**Action item:**
Transcribe the listing exactly as written. Leave the images out.

**Dataset content:**
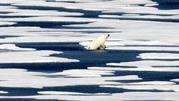 A polar bear steps out of a pool while walking on the ice in the Franklin Strait in the Canadian Arctic Archipelago
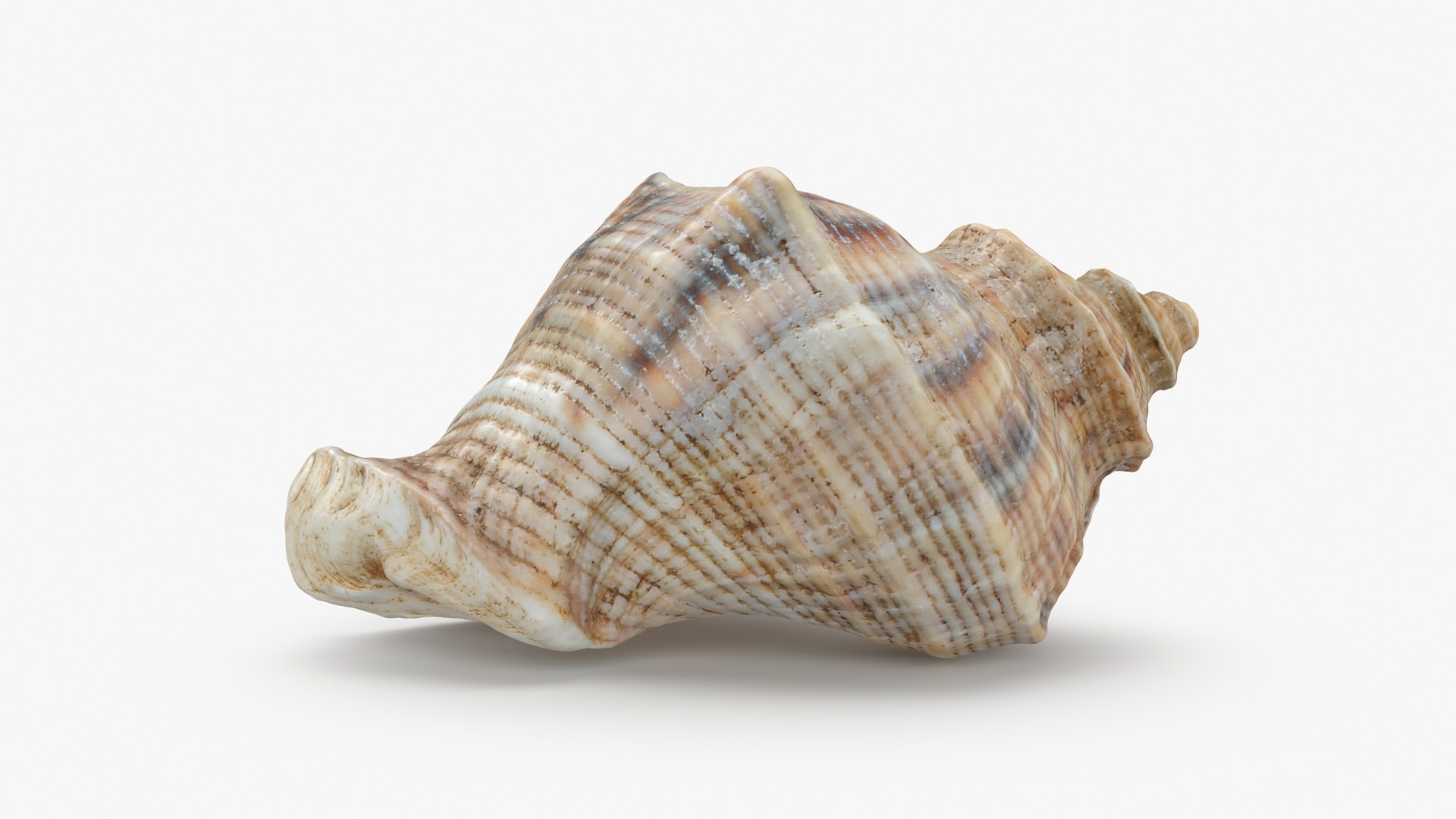 3D Seashells Collection 3 model https://p.turbosquid.com/ts-thumb/8f/ihlFzI/AT/cockleshell_a0001/jpg/1697219217/1920x1080/fit_q87/c2718bff27b7f4957f6d6e7cf0a135e3ea6bab3e/cockleshell_a0001.jpg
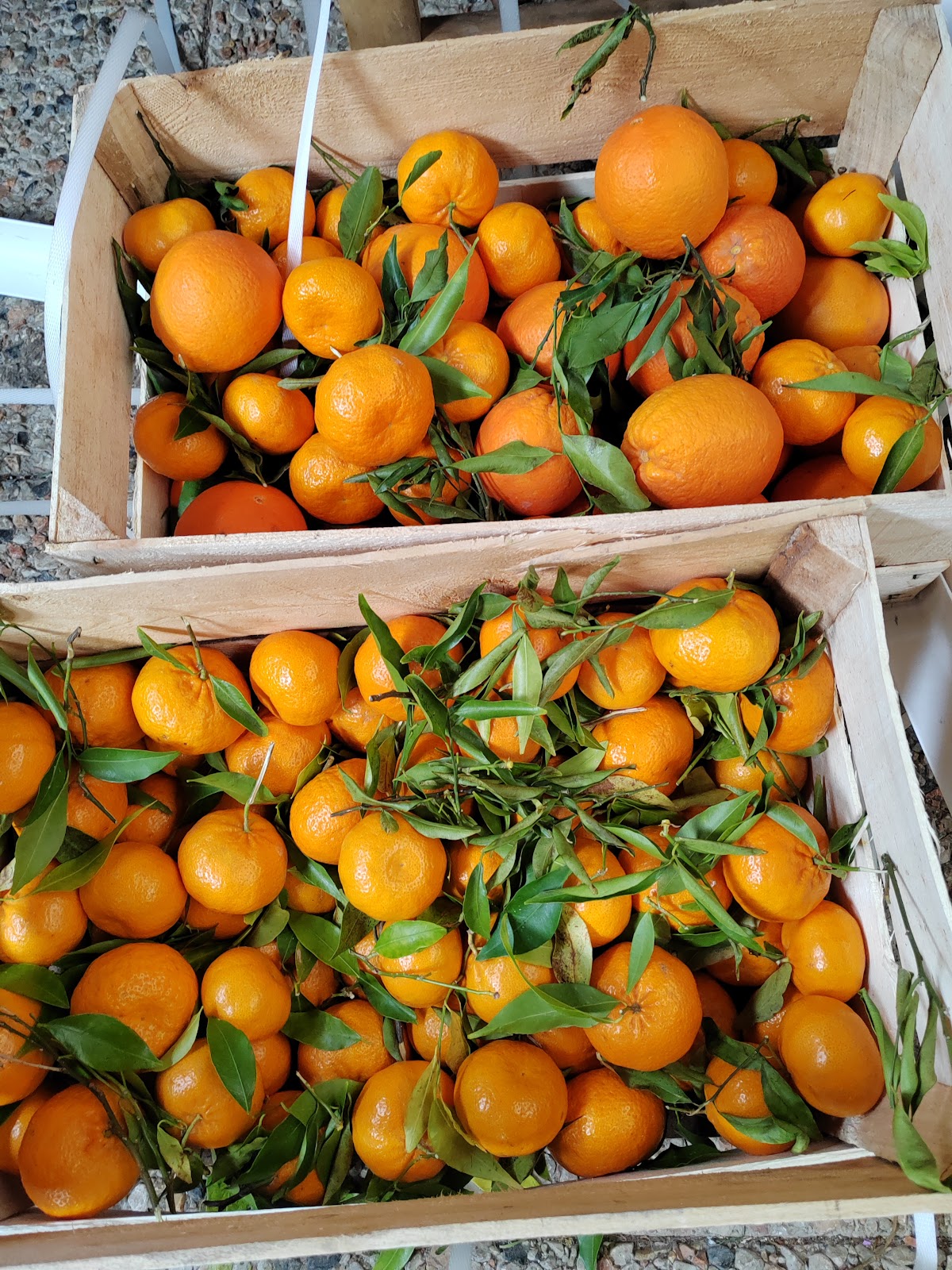 Azienda Agricola Biologica Jalari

**Completed task:**
 A polar bear steps out of a pool while walking on the ice in the Franklin Strait in the Canadian Arctic Archipelago
 3D Seashells Collection 3 model https://p.turbosquid.com/ts-thumb/8f/ihlFzI/AT/cockleshell_a0001/jpg/1697219217/1920x1080/fit_q87/c2718bff27b7f4957f6d6e7cf0a135e3ea6bab3e/cockleshell_a0001.jpg
 Azienda Agricola Biologica Jalari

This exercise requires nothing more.